Controlled tire inflation systems (CTIS) could offer a new precision niche for dealers, but cost and education are delaying adoption in North America.

While the European agricultural market is considered a leader in development and implementation of precision farming practices, the technology doesn’t always transition smoothly to North America.

For example, ISOBUS compatibility remains a challenge in the states, despite having been incorporated overseas more than a decade ago.

Another technology that is well-established in Europe, but lesser known in North America is Central Tire Inflation Systems (CTIS). These systems, discussed with Precision Farming Dealer at Michelin’s recent Field of Dreams media event in Europe, give farmers the ability to monitor and change tire pressure on the fly, automatically, as they move from the road to the field.

“One of the big focuses in the global market is soil compaction and this is getting more attention in North America, as equipment gets larger and heavier,” says James Crouch, farm segment marketing manager with Michelin. “Right now, farmers set up their tire inflation for worst case scenario, for maximum load and maximum speed. But they should be inflating for best case scenario, changing for optimum pressure on the road and lowering it for the field to create a larger footprint and less compaction.”

Some equipment manufacturers, including Fendt, have recently introduced CTIS systems on new tractor lines in North America, but it’s largely an aftermarket technology, which is where precision dealers could carve out a niche, says John Casner, president of Inflation Solutions LLC based in Fletcher, Ohio.

James Crouch, farm segment marketing manager for Michelin North America, discusses the benefits of Central Tire Inflation Systems (CTIS), it's origin in Europe and it's emergence in North American agriculture.

“There is huge market potential, because right now there’s not much from the OEMs for CTIS,” he says. “Even when they do start developing these systems, there will be service needs and the opportunity to retrofit a lot of the older equipment with these systems.”

Solutions is one of a handful of companies selling and servicing CTIS systems for agricultural machinery in North America. They are a distributor of PTG Central Tire Inflation Systems, a German-based manufacturer.

The dual-line systems for tractors include a hydraulic drive air compressor attached to the wheel and operated by remote. There is a monitoring system in the cab, where the operator sets high and low pressure points for each axle. Tire pressure is changed with a touch of a button to accommodate for road or field driving conditions.

“Every tire has an ideal air pressure based on weight exchange and weight needed to achieve 100% performance,” Casner says. “But farmers aren’t maximizing that potential and that can cost them yield.”

Studies conducted by the company have shown that running a 16-row, 40-foot front-fold corn planter in the field with the same high tire pressure as on the road can cost a farmer upwards of 30 bushels per acre on pinch rows, due to compaction.

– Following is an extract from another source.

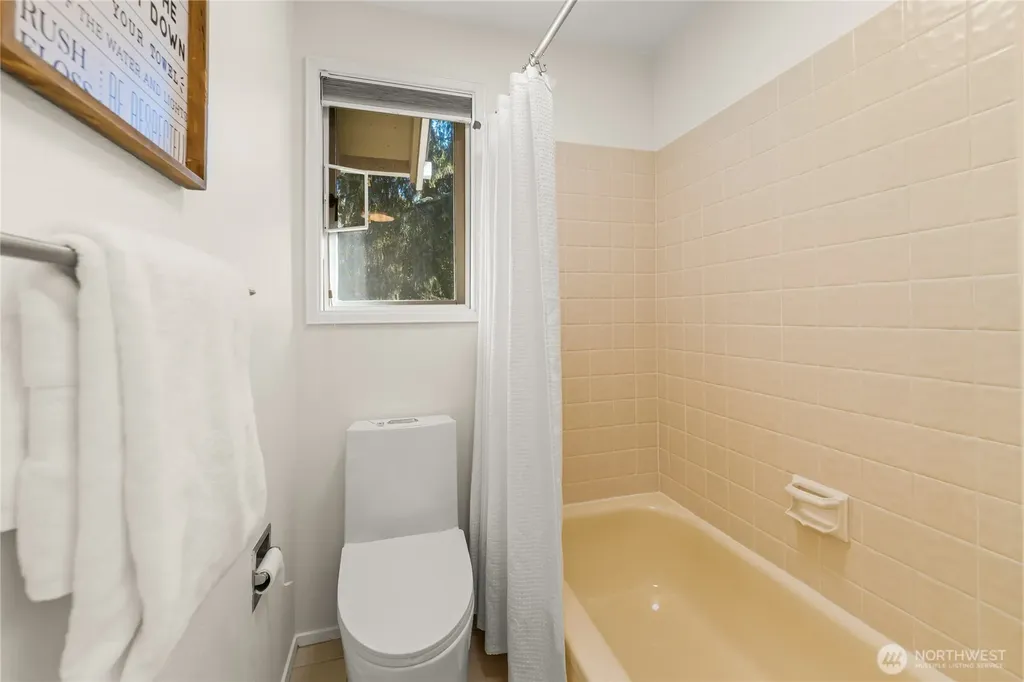 1218 101st Place NE Bellevue WA 98004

Casner says this can be strong selling point, but there are nevertheless challenges to convincing customers to purchase the system. The PTG systems can cost upwards of  $12,000 and adding precision technology to tires isn’t necessarily a priority for farmers.

Still, both Crouch and Casner expect the North American market to expand in the coming years, as farmers seek new outlets to increase efficiency and improve productivity. “I’m sure OEMs are working on long-term projects to bring this technology to North America because there is such a benefit,” Crouch says. “It’s inevitable that we’ll see it here soon.”

Casner agrees and expects that in the future, more tractors will come factory installed with CTIS systems, integrated into the manufacturer’s precision display in the tractor cab.

“John Deere did an initial release of about 50 of their 7000 series tractors in Germany with PTG systems installed at the factory run through their monitor,” Casner says. “Eventually, we’ll start to see more of this coming to North America and there is a chance to pull customers into the technology, rather than push them.”